WHAT IS NEEDED:
Copy the data below exactly, omitting any picture it contains.

___ INFORMATION PROVIDED

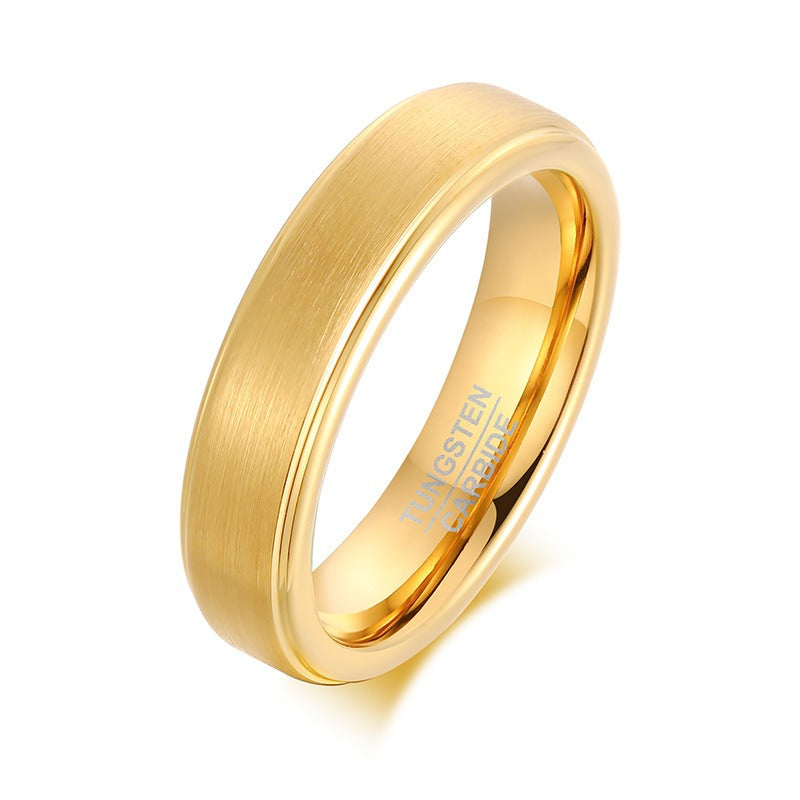 Kemstone Tungsten Steel Graduation Ring – 5mm Black & Gold Matte Finish Men's TCR-061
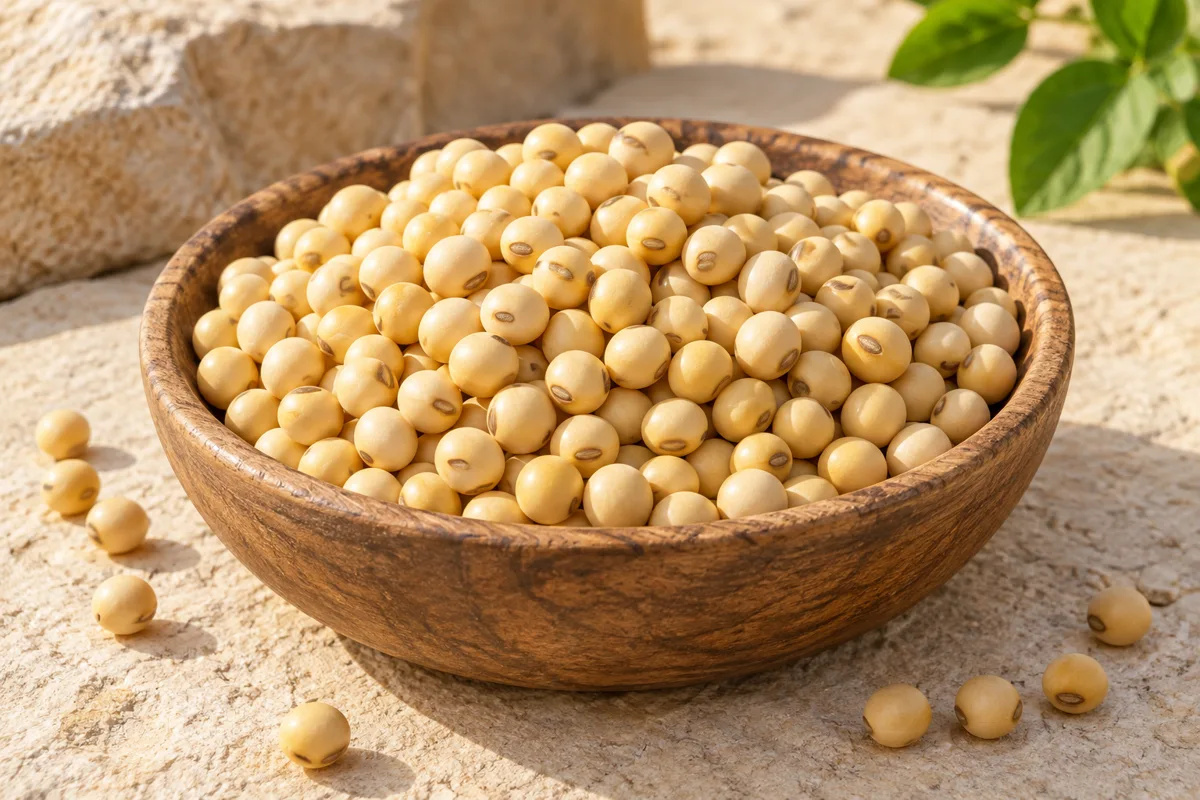 Soybeans in a wooden bowl on a light stone surface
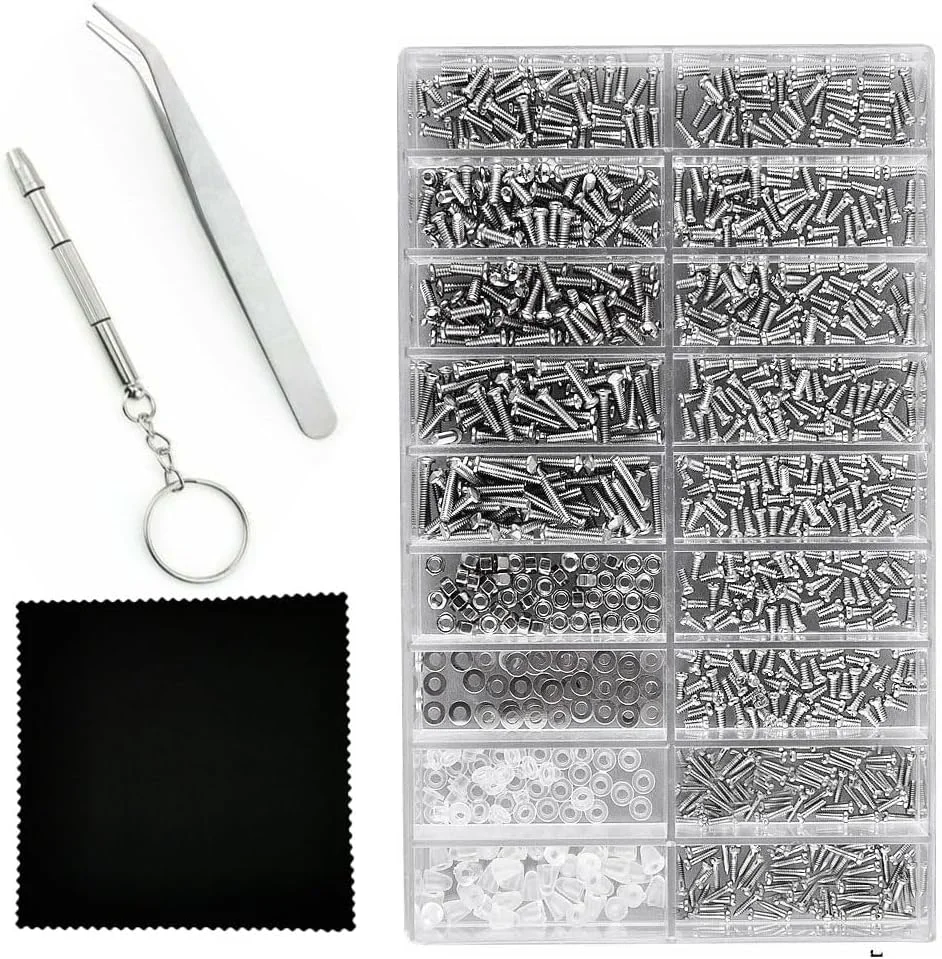 مجموعه 1000 عددی لوازم تعمیر عینک آفتابی و طبی، شامل پیچ های عینک در 14 سایز مختلف، به همراه پیچ گوشتی و موچین کوچک برای تعمیر ساعت و عینک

______

ANSWER TO THIS TASK:
 Kemstone Tungsten Steel Graduation Ring – 5mm Black & Gold Matte Finish Men's TCR-061
 Soybeans in a wooden bowl on a light stone surface
 مجموعه 1000 عددی لوازم تعمیر عینک آفتابی و طبی، شامل پیچ های عینک در 14 سایز مختلف، به همراه پیچ گوشتی و موچین کوچک برای تعمیر ساعت و عینک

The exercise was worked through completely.